Here's Heidi's event: 

Women's Para Snowboard Cross - Standing - Alpine Skiing - Sochi 2014 Paralympic winter Games

She and one of her teammates are tied for 2nd in THE WORLD for this event, so she stands a great chance to podium! Be sure to check it out if you have access to TV/internet!


----------



## mhelm (Jun 28, 2008)

*Sweet!*

I met Heidi on Bailey a couple years ago. What an amazing person!!! Good Luck Heidi!!!!!!!!! See ya on the water soon...


----------



## lmyers (Jun 10, 2008)

I love watching her journey on Facebook. Good luck One Legged Wonder!


----------



## deepsouthpaddler (Apr 14, 2004)

Awesome! Good luck Heidi!


----------



## ednaout (Jun 3, 2005)

3/14 at 1am Heidi Jo Duce's event will be on the air! That's 1am - set your alarms before going to bed.


----------



## ednaout (Jun 3, 2005)

Oops, I believe the event is at 1130 this evening!

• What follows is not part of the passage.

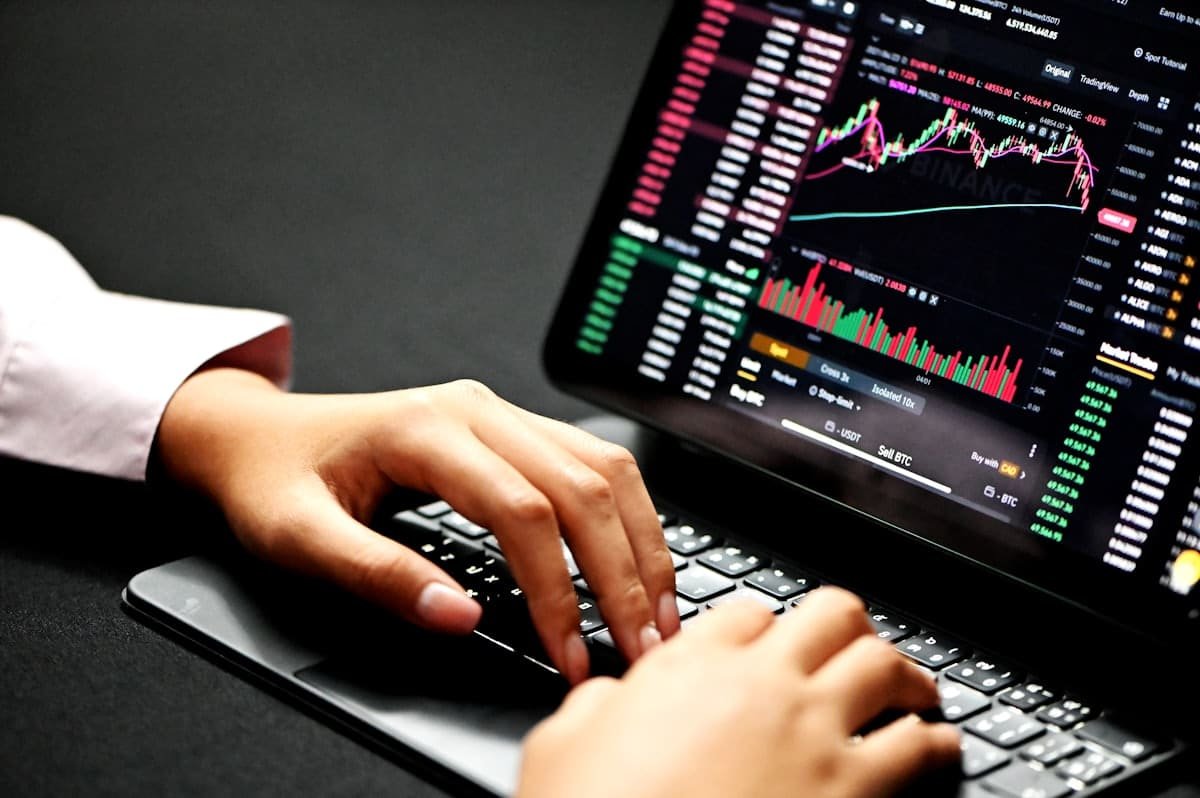 How Central Banks Intervene in Currency Markets — And When It Works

1130!!!! Watch at 1130!!!! 1130!!!!! Watch 1130!!!!


----------



## ednaout (Jun 3, 2005)

Our little ol' Heidi Jo got 5th!! Totally amazing - she only recently started competing and has already made it to the US paralympic team - unbelievable! Whether you get 1st, 3rd, 5th or disqualified, as far as I'm concerned, if you made it to the Olympics, you WON!! As Heidi (and Charlie Sheen) likes to say..." WINNING!"


----------



## Mankypin (Jul 5, 2011)

Heidi is the real deal! Got on a United Flight going to Costa Rica back in Feb and the safety video showed United supporting athletes going to Sochi and there was Heidi on screen! She's worldwide bitches! And the nicest person in person.


----------